Prof. Keith Warriner is a food scientist, but when he heard about the shortage of N95 masks for front-line health-care workers battling COVID-19, he saw an opportunity to contribute.

Warriner and several collaborators have adapted technology that uses UV light, hydrogen peroxide and ozone to decontaminate fruits, vegetables and food packaging to help in the fight against COVID-19. Their previous work was partly funded by the Ontario Agri-Food Innovation Alliance, a collaboration between U of G and the Ontario Ministry of Agriculture, Food and Rural Affairs (OMAFRA).

Warriner saw the potential to modify the existing technology to decontaminate N95 masks and make them reusable—a significant contribution during a time when personal protective equipment such as these masks is in short supply.

“Not many changes were needed—lemons have the same crevices and pores as mask materials. In fact, it’s easier to decontaminate a mask than it is a lemon,” he said.

Post-doctoral researcher Mahdiyeh Hasani modified the sanitation process by creating a special holder and optimizing the hydrogen peroxide concentration and treatment times.

Warriner and Hasani worked with Clean Works, a company in Beamsville, Ont., to develop a portable system that can be taken to health-care facilities. Akin to running objects through an airport X-ray machine, items are inserted at one end and come out clean at the other, meaning masks do not have to be decontaminated in smaller batches.

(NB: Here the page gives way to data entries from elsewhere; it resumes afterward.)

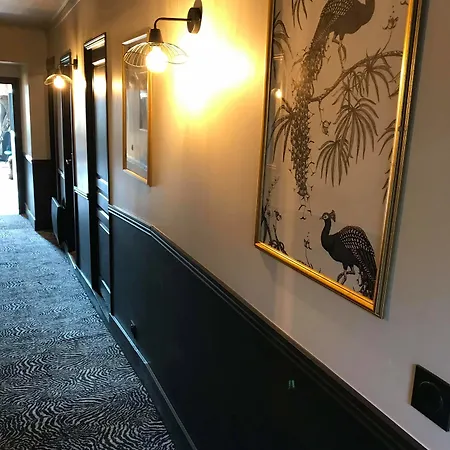 Hotel La 10 Etretat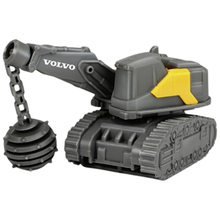 Игровой набор DICKIE TOYS Вольво Микроработники 5 машин (3722008)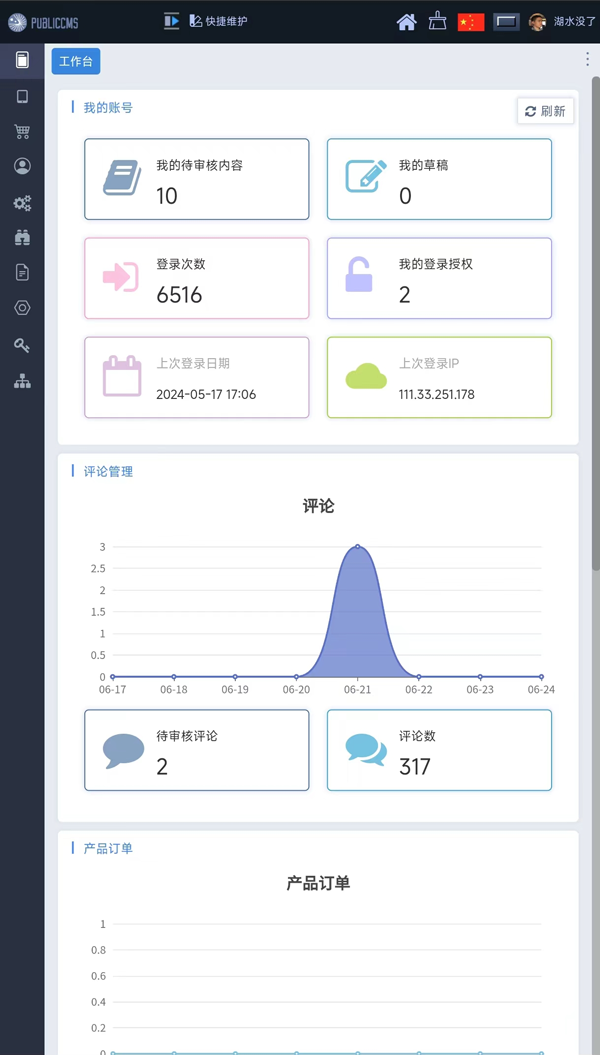 图片[5]-一套基于 Java 开源、功能强大、易于扩展的内容管理系统（CMS）-寻找资源网
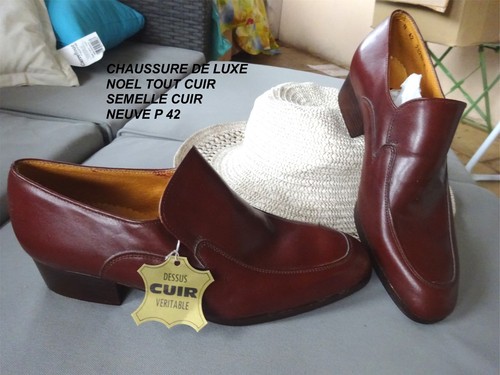 Chaussure luxe mocassin - de,
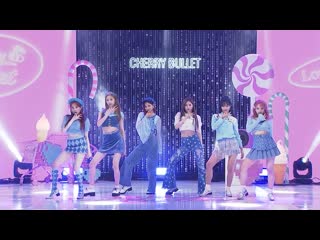 Cherry bullet (체리블렛) – love so sweet [@1st mini album 'cherry rush' showcase]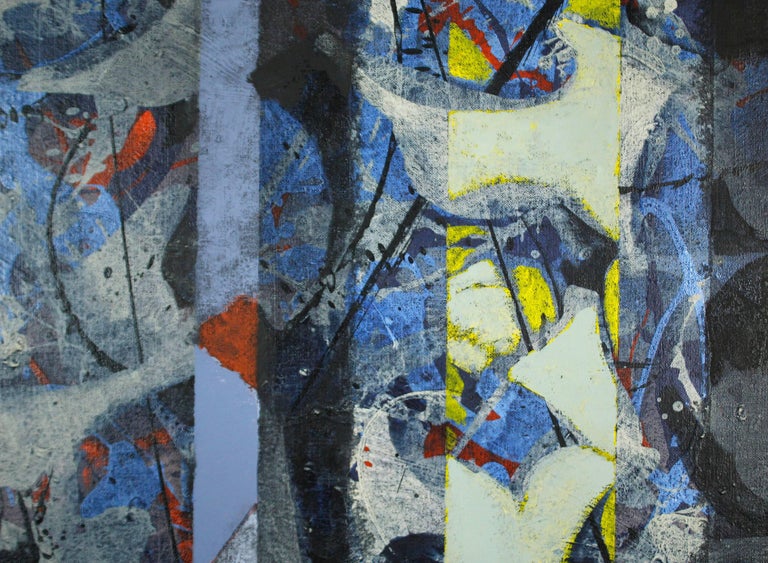 Carl Morris Untitled For Sale at 1stdibs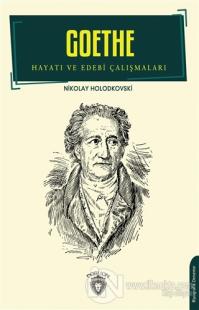 Goethe Nikolay Holodkovski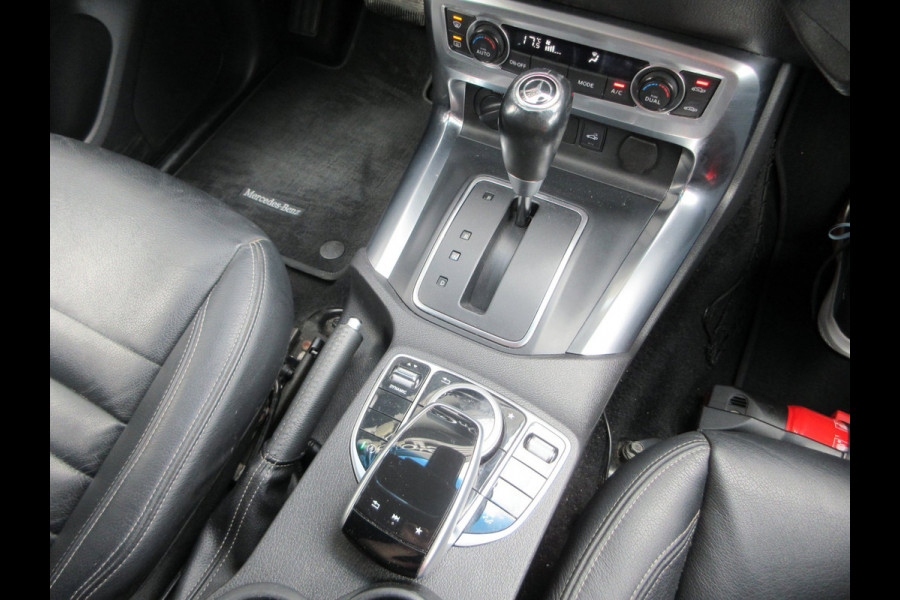 Mercedes-Benz X-Klasse 350D, V6, 259pk, 4-Matic, 4x4, Power Edition, LED, Camera, Navigatie.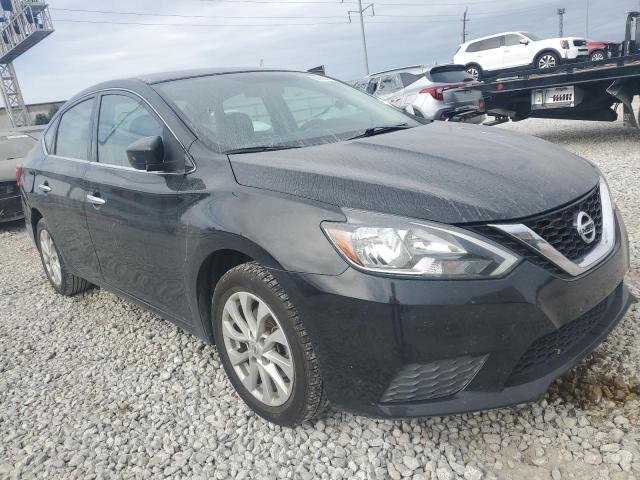 3N1AB7AP8KY411824 - 2019 NISSAN SENTRA S 黑色 照片 4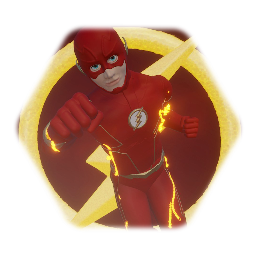 The Flash (Season 6 - )/w powers
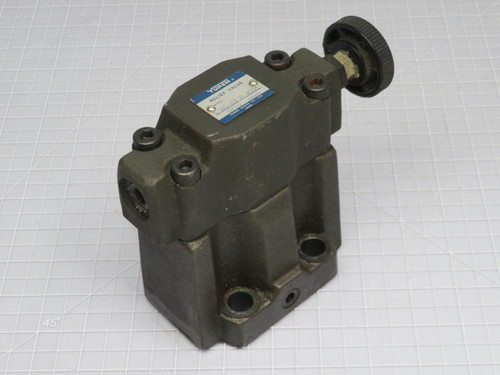 Yuken S-BG-03-R-4001 0710   Pressure Relief Valve  For Sale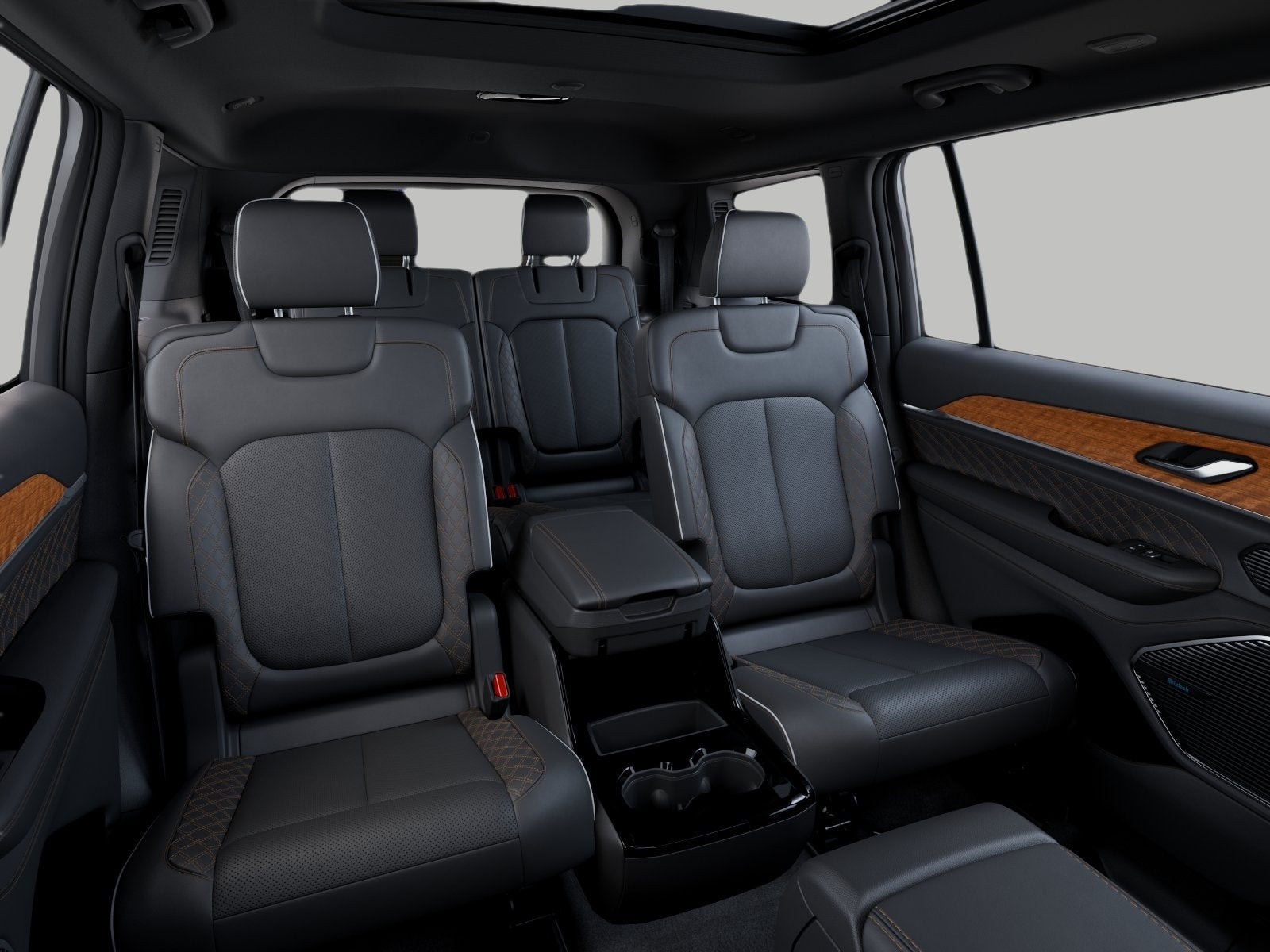 2026 Jeep Grand Cherokee GRAND CHEROKEE L SUMMIT 4X4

After two weeks of research and testing with Clean Works, the National Research Council, Health Canada and Toronto Paramedic Services (which helped with fit testing), the modified units, called Clean Flow Healthcare Mini, were approved by Health Canada. The first units have already been shipped to hospitals.

Along with Profs. Ryan Prosser, School of Environmental Sciences, and David Lubitz, School of Engineering, Warriner has partnered with Clean Works since 2015 to market the waterless cleaning system for its original purpose: decontaminating fruits and vegetables. He credits fruit farmer Paul Moyer and CEO Mark VanderVeen, both of Clean Works, with the original vision of marketing this innovative decontamination technology to fruit and vegetable growers.

“It’s the perfect example of how industry, academia and government work together,” says Warriner. “Without funding from OMAFRA, this wouldn’t have happened.”

Clean Works technology is being used for fruit and vegetable decontamination across Ontario and California for crops including apples, peaches and table grapes.

This research was also supported by OMAFRA’s Food Safety Research Program, Moyers Apple Products Ltd. and Court Holdings Ltd.